Symphony XHallo Michael. Ihr wart im Herbst bereits mit DREAM THEATER hier, die derzeit zu den populärsten Progressive-Metal-Bands gehören. Seid ihr gut mit den Jungs ausgekommen? Oder war es schwierig, mit ihnen zusammenzuarbeiten?

Nein, überhaupt nicht. Wir verstehen uns ziemlich gut. Ich denke auch, das war ein ziemlich gutes Package. Wir sind vielleicht ein wenig Metal-lastiger, aber wir haben auch viele progressive Passagen. DREAM THEATER ziehen dieses vielschichtige Progressive-Ding durch. Es war also eigentlich eine gute Kombination die Bands klingen nicht völlig gleich. Es gibt Ähnlichkeiten, aber da sind auch genügend Unterschiede, die das Ganze für diejenigen interessant machen, die kommen, um uns zu sehen.

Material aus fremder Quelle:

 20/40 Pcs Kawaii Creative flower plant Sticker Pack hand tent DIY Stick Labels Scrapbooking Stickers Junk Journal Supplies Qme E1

Habt ihr dann auch jeden Abend zusammen wilde Parties gefeiert?

Wir waren jeden Tag zusammen, aber richtig große Parties gab es eigentlich nicht. Wir sind auch viel miteinander rumgehangen. Den Jungs ist ihre Musik und das, was sie auf der Bühne machen, wirklich sehr wichtig. Bei uns ist das genauso. Wir respektieren uns gegenseitig sehr und die Jungs sind sowohl als Musiker als auch menschlich absolut großartig, so dass eine ziemlich gute Atmosphäre auf der Tour herrschte.

Ich habe SYMPHONY X zum ersten Mal im Vorprogramm von STRATOVARIUS vor einigen Jahren gesehen und mir danach direkt eure „The Odyssey“-CD gekauft. Auf euer neues Album musste ich dann aber ziemlich lange warten.

Das lag wohl in erster Linie an unseren Tour-Aktivitäten. Wir haben ziemlich viel in den USA gespielt, weil „The Odyssey“ das erste Album war, durch das in den Staaten viele Leute auf uns aufmerksam wurden. Deshalb haben wir so viele Live-Shows gespielt, wie wir konnten. Wir haben einige Shows mit QUEENSRŸCHE gespielt, wir waren auf Tour mit BLIND GUARDIAN und natürlich war da noch die „Gigantour“ mit DREAM THEATER und MEGADETH.
Es ist also eine Menge passiert und die Zeit ging wie im Flug vorbei. Ehe wir’s uns versahen war es 2005 und wir spielten auf der „Gigantour“. Wir hatten schon vorher ein wenig am neuen Album gearbeitet, aber erst danach setzten wir uns zusammen und nahmen die Sache richtig in Angriff. Auch das Songwriting dauerte relativ lange, weil so viel Zeit vergangen war und wir wussten, dass wir etwas großartiges schaffen mussten. Es war also ein hartes Stück Arbeit, aber ich denke, es hat sich gelohnt.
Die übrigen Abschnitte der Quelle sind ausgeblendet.